Screenwriting/True Stories
My screenwriting encompasses fiction as well as true stories - the latter a speciality of mine (see my Home page) - particularly ones that I sense have some kind of mythical undertow, a connection with ‘the collective unconscious’.
The challenge with true stories is turning them into screenplays that, whilst being truthful to their essence, work completely in their own right as cinematic drama, that are almost 'too good to be true'. That’s what separates the kind of work I’m interested in from the conventional ‘biopic’.
I’m drawn to the complexity of the human condition, the mystery of others and their expression in the non-verbal.
When writing I’m trying to sense what the characters might be hiding, consciously or unconsciously. The more elusive this proves, the more human and more compelling they promise to be. (see Screenplay Samples)
I try to give readers as rich a sense as possible of the inner lives of the characters and the inner life of the eventual film.
How my work can best resonate with actors is of vital importance to me. I write the characters in great detail, with all the gestures, nuances, looks etc. The more the actors have to choose from, the more they can find their own sense of their characters. (see Directing/Actors)
It's exciting when you find that you've written a complex characterisation that has great scope for actors' own interpretations. It makes you impatient to see what they'll do with it.
I know that I'm on good ground when I sense that my characters, whether imagined or real people, resonate with my 'shadow family' - the gallery of father and mother figures, of course, but also brothers and sisters, who seem hard to escape in one's inner life!
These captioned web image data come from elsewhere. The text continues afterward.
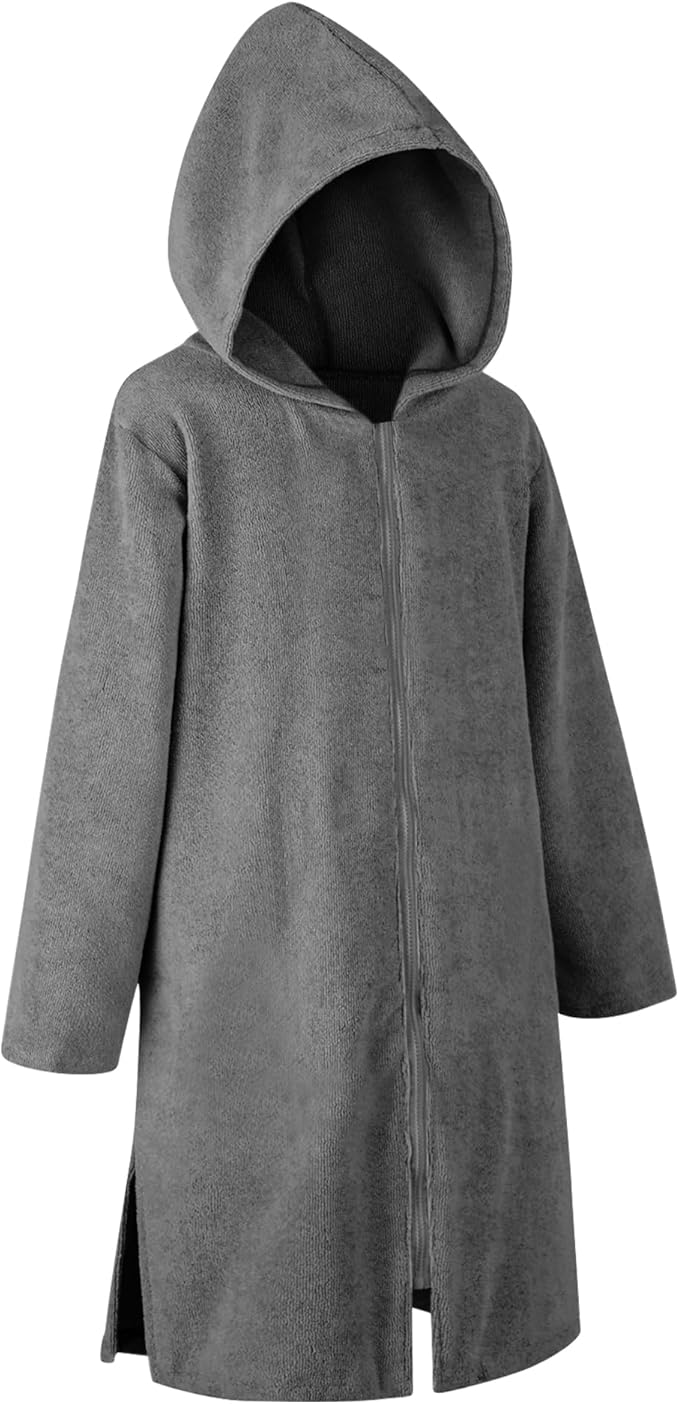 Weecreeture Hooded Towel Poncho with Zipper and Pocket, Surf Poncho for Men and Women, Beach Bath Changing Robe Cover Up Dark Gray L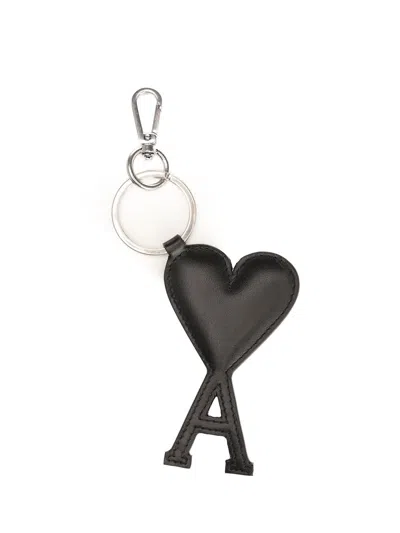 Ami Alexandre Mattiussi Ami De Coeur Key Ring In Black
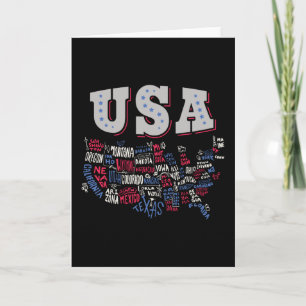 USA Map U.S. states America Card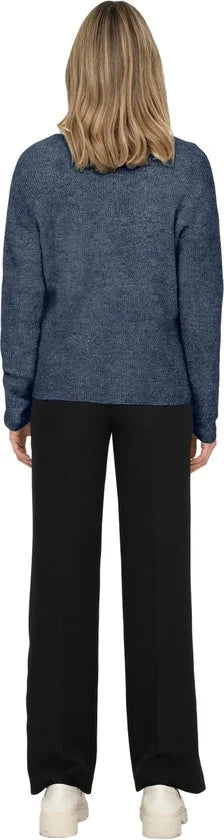 Only Camilla V-hals Trui - Dames Sweater - Vintage Indigo Melange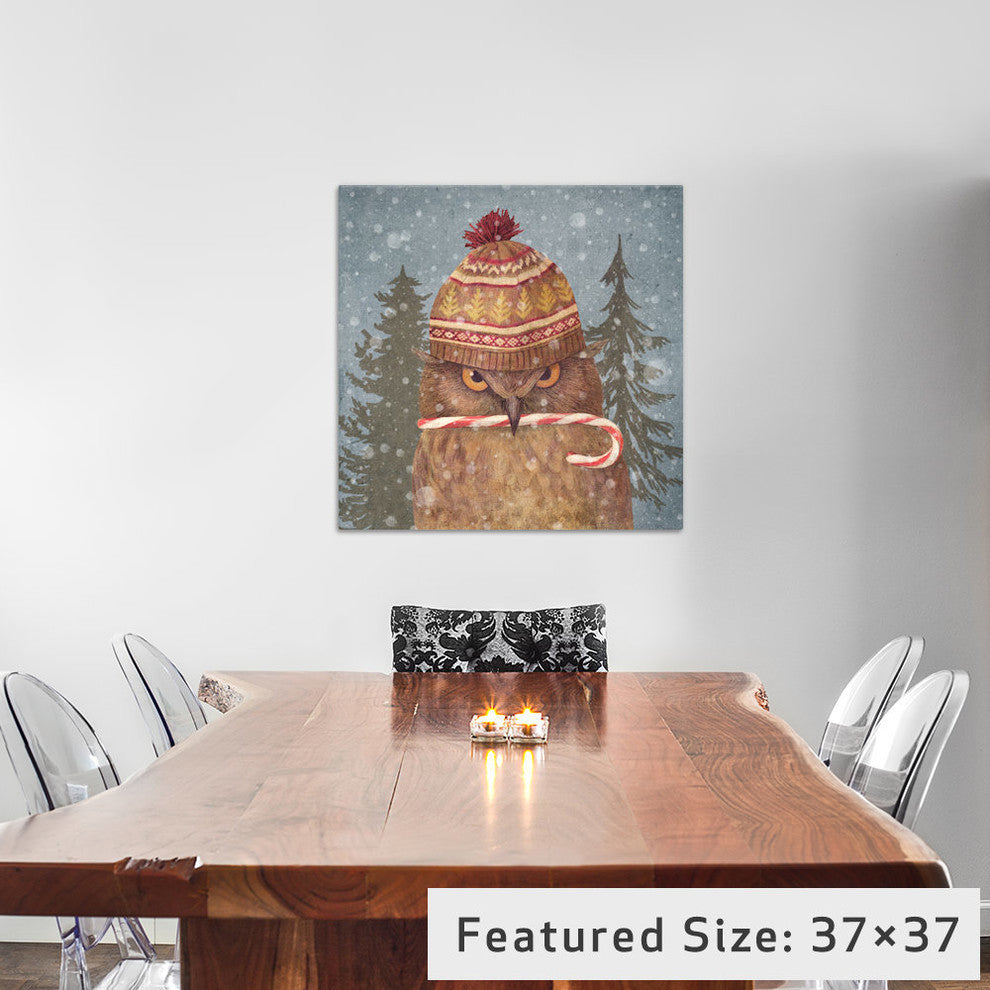 "Christmas Owl" by Terry Fan, 37x37x1.5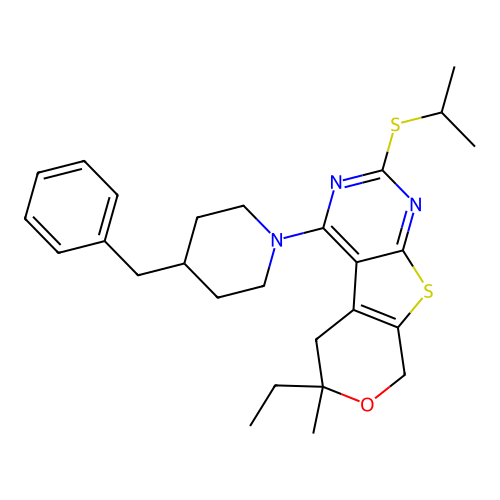 4-(4-benzylpiperidin-1-yl)-6-ethyl-6-methyl-2-(propan-2-ylsulfanyl)-5,8-dihydro-6H-pyrano[4',3':4,5]thieno[2,3-d]pyrimidine structure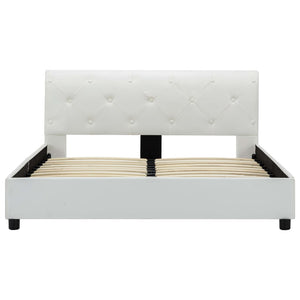 vidaXL Bed Frame White Artificial Leather 140x200 cm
I’ve learnt how invaluable great script editors like Archie Tait and Jack Lechner are. Not least they can be so much more revealing than oneself about what one is up to! I also road-test my work widely during its progress, including among non-industry readers, to get a sense of what is and isn't coming though in my material.
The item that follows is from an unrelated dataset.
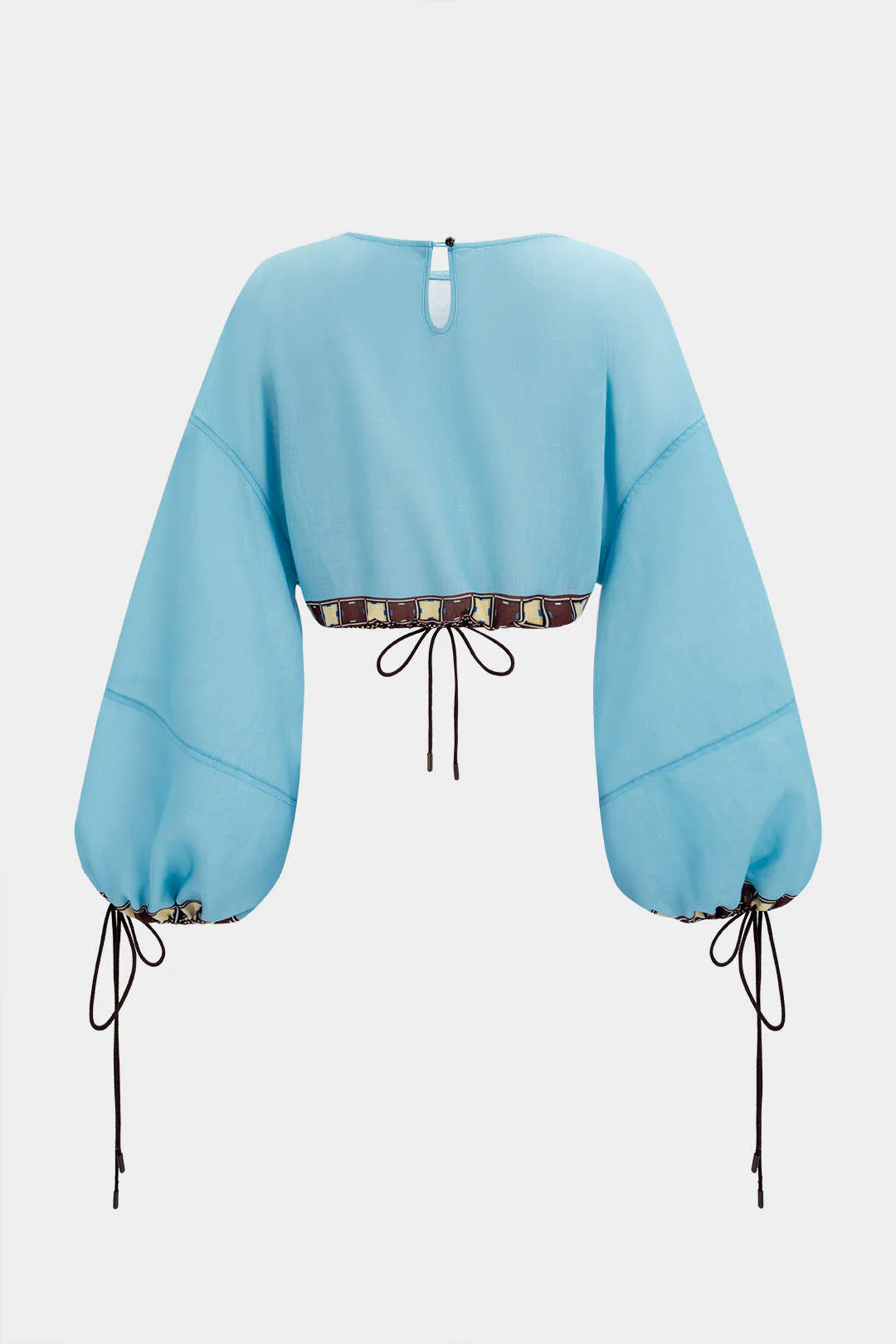 Geometric Print Linen Patchwork Round Neck Drawstring Long Sleeve Top - Image 2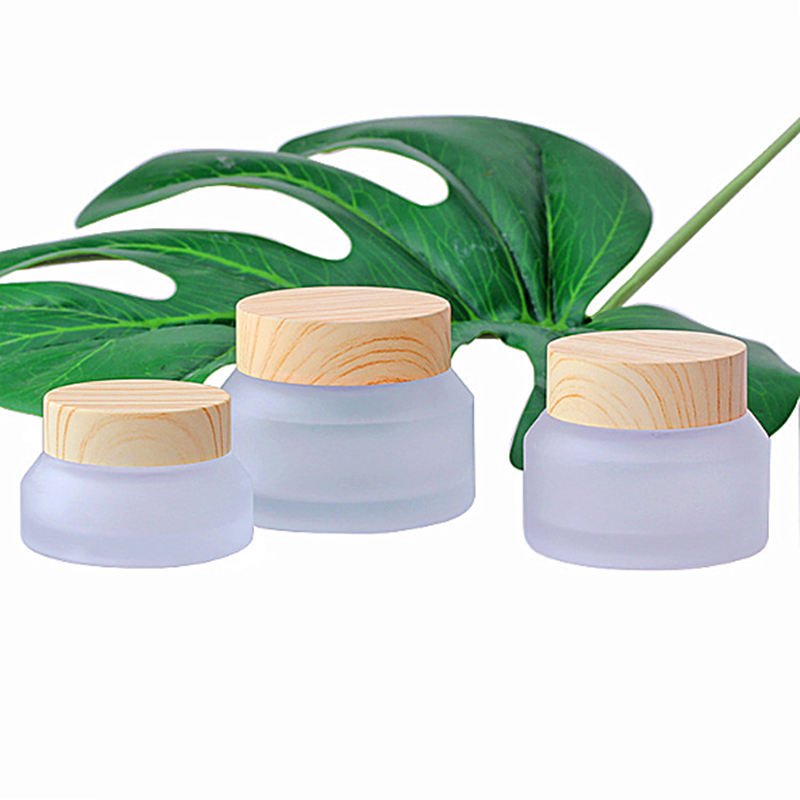 black pink and bamboo jar cosmetic 200ml packaging frosted cosmetic jar bamboo wooden cap white frosted cosmetic jar bamboo lid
I need to feel not just that my work is creatively valuable but that it might be practically makeable. And why.
When writing film treatments and screenplays drawn from the work and lives of others, whether true stories or fiction, I like to keep a very open line with the real people involved about the progress of my work and, where practicable, to involve them in the creative process. This can be helpful in dealing with the central challenge - that your work satisfies them whilst remaining true to your own guiding lights. (see References)
The film and TV industries have become dominated by improperly digested text-book thinking about how stories and screenplays should operate and by equally questionable assumptions about audiences. This may make executives feel safer, but it's inhibiting to writers and filmmakers wanting to explore uncharted themes and differing forms of expression and thereby find new audiences. (see News: Current Projects)
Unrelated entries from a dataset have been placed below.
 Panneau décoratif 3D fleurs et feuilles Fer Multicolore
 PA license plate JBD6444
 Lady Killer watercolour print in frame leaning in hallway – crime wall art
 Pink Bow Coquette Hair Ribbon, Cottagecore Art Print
Ingmar Bergman compared a screenplay to a musical score, with lead singers and instrumentalists as lead actors and the director as conductor. He was speaking as a director who wrote his own screenplays, but it's still an encouraging thought for writers constantly being told that their work is "simply a blueprint".
It's daunting to realise how many great films and filmmakers wouldn't stand a chance of getting developed and financed if they were starting out in the present, highly conservative climate, even by the State bodies supposedly responsible for developing new work and practitioners. Take Bergman, Bunuel, Godard and perm any number. And how would Trainspotting fare now?
I’ve always liked Graham Greene’s exhortation to ‘tread the line between what is and what could be’ – the romantic realist’s take on art, politics and living.
And Picasso’s ‘I don’t seek; I find’ – the intuitive’s abiding openness to surprise, chance, accident, serendipity, the inexplicable.